#### [LISTED RECORDS]
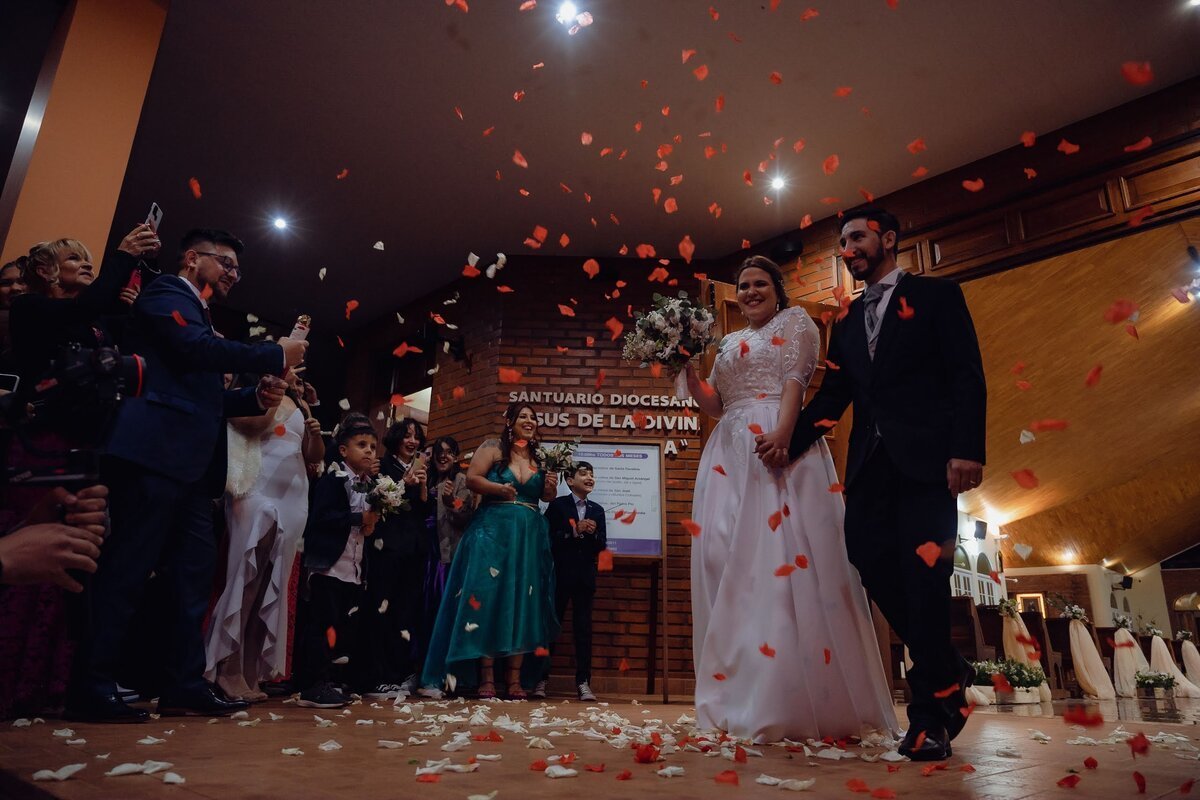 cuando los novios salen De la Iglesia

==

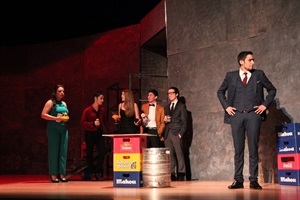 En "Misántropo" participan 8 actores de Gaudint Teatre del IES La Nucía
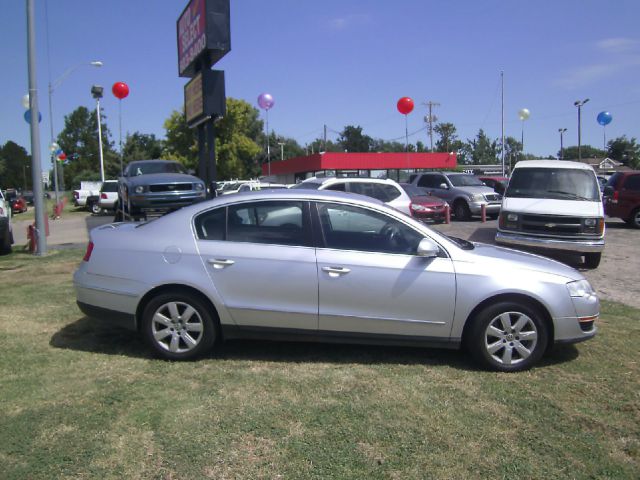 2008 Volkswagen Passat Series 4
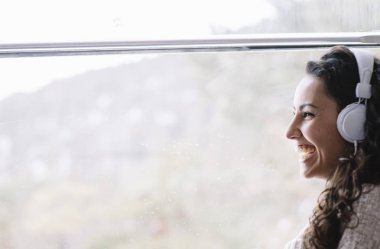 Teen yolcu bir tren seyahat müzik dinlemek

* * *

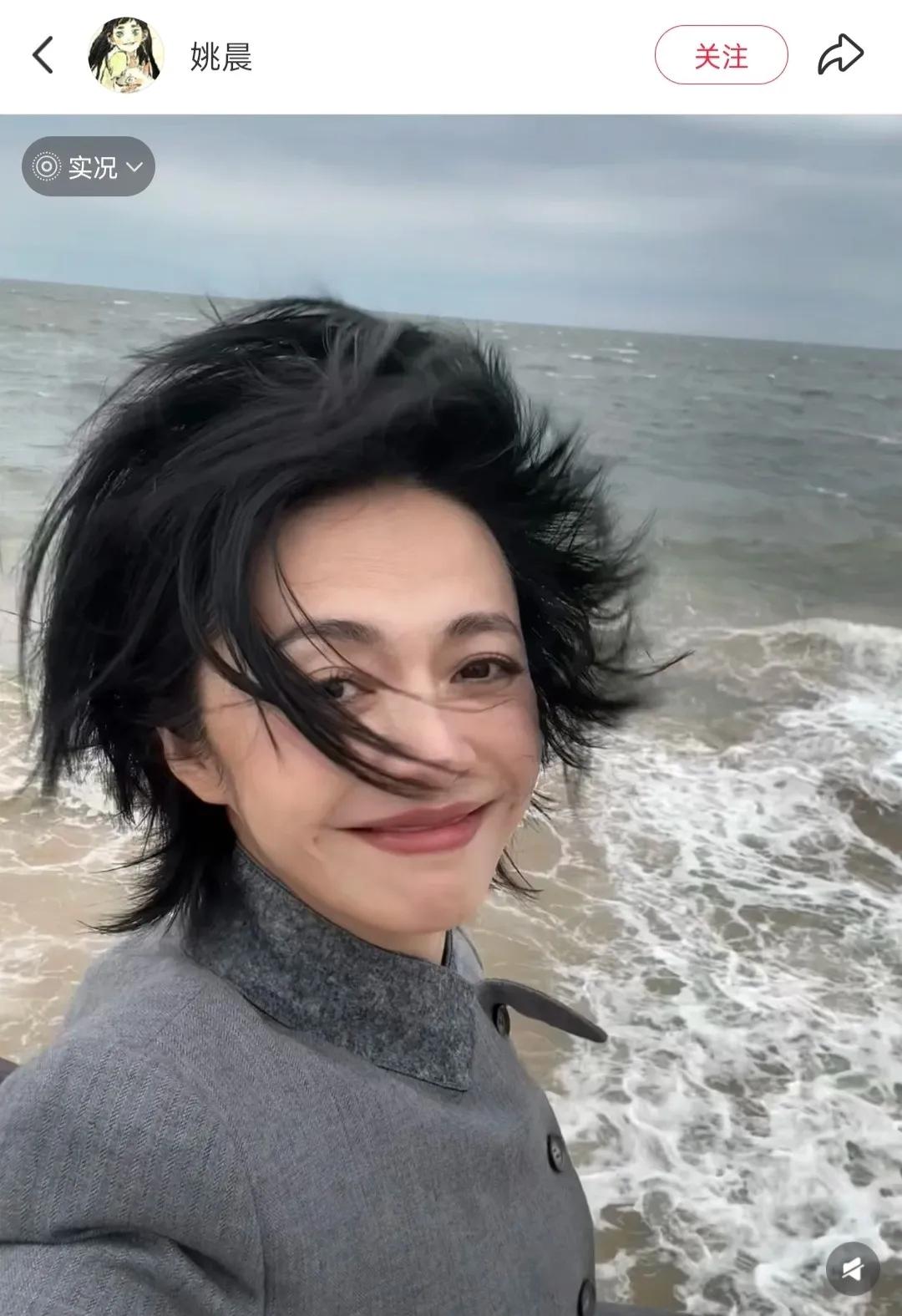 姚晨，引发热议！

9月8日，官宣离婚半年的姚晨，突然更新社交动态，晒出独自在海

#### [TRY IT]
The lines to copy exactly start with the line above that has "2008 Volkswagen Passat Series 4" and go on through the line that has "Teen yolcu bir tren seyahat müzik dinlemek"; please include both, add nothing else, and omit the pictures.

#### [THE ANSWER]
 2008 Volkswagen Passat Series 4
 Teen yolcu bir tren seyahat müzik dinlemek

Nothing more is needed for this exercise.